• _EXERCISE MATERIALS_:
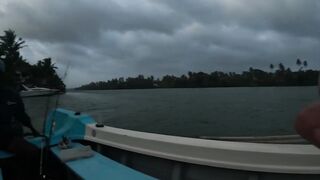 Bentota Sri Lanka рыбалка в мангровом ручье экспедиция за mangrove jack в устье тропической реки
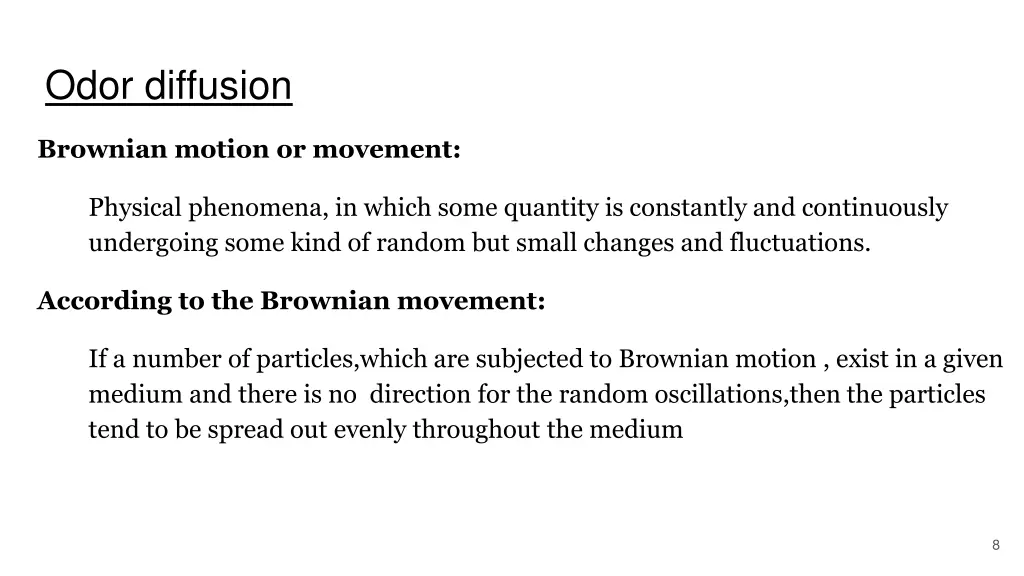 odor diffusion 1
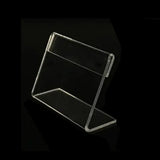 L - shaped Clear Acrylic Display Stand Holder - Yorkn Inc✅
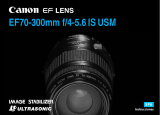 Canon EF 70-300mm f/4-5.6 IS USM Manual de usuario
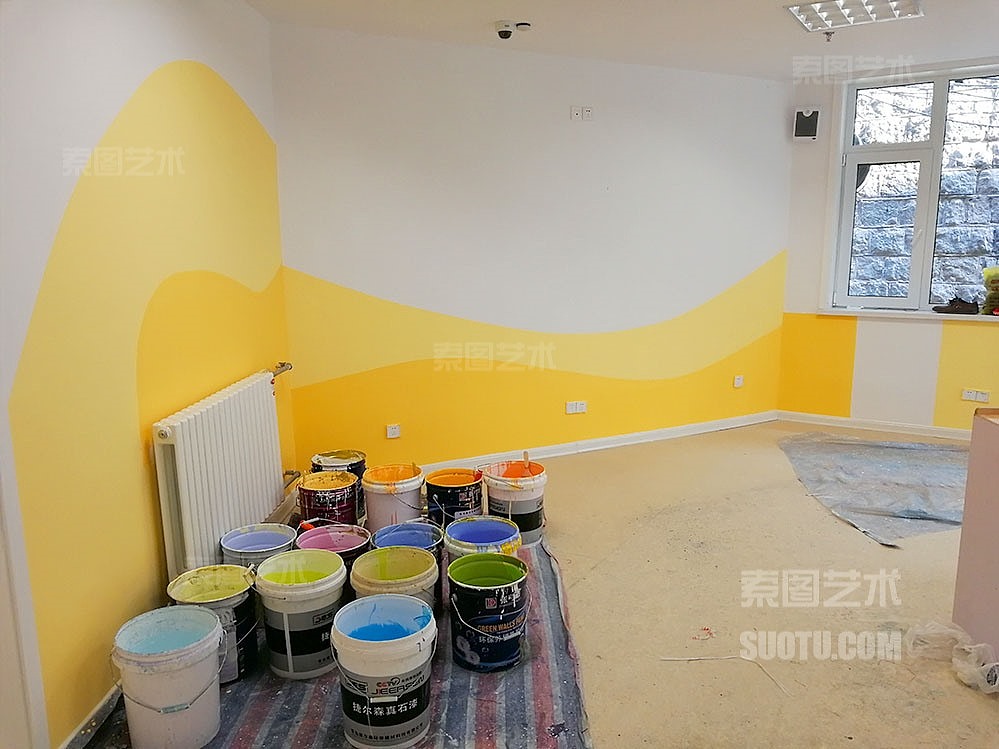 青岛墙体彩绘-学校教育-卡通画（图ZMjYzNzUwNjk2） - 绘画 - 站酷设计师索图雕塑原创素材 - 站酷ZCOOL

--

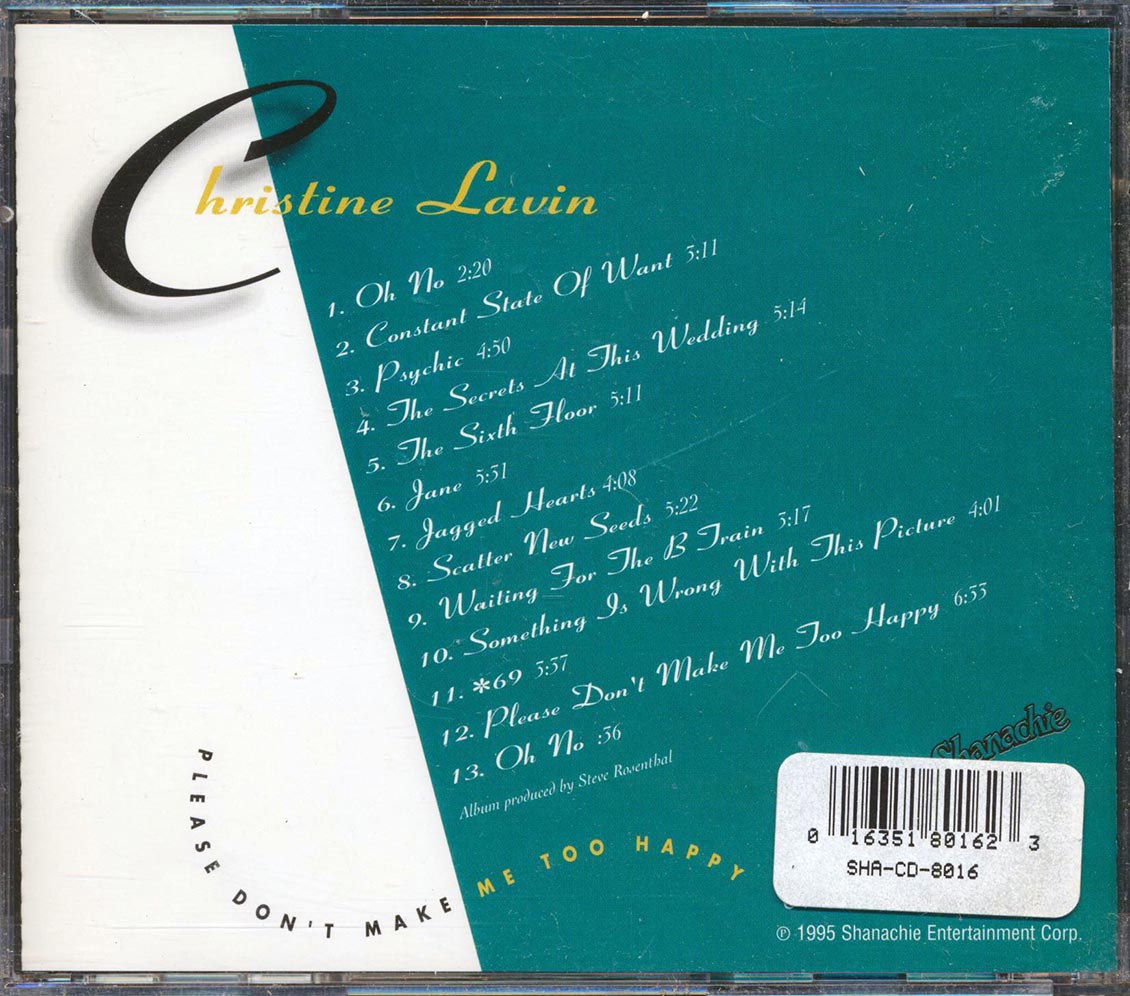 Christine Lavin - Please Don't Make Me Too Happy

• _WHAT IS NEEDED_:
Lines from the one above containing "Bentota Sri Lanka" down to the one containing "青岛墙体彩绘-学校教育-卡通画（图ZMjYzNzUwNjk2） - 绘画" should be transcribed exactly, with both ends kept and no pictures.

• _TASK SOLUTION_:
 Bentota Sri Lanka рыбалка в мангровом ручье экспедиция за mangrove jack в устье тропической реки
 odor diffusion 1
 L - shaped Clear Acrylic Display Stand Holder - Yorkn Inc✅
 Canon EF 70-300mm f/4-5.6 IS USM Manual de usuario
 青岛墙体彩绘-学校教育-卡通画（图ZMjYzNzUwNjk2） - 绘画 - 站酷设计师索图雕塑原创素材 - 站酷ZCOOL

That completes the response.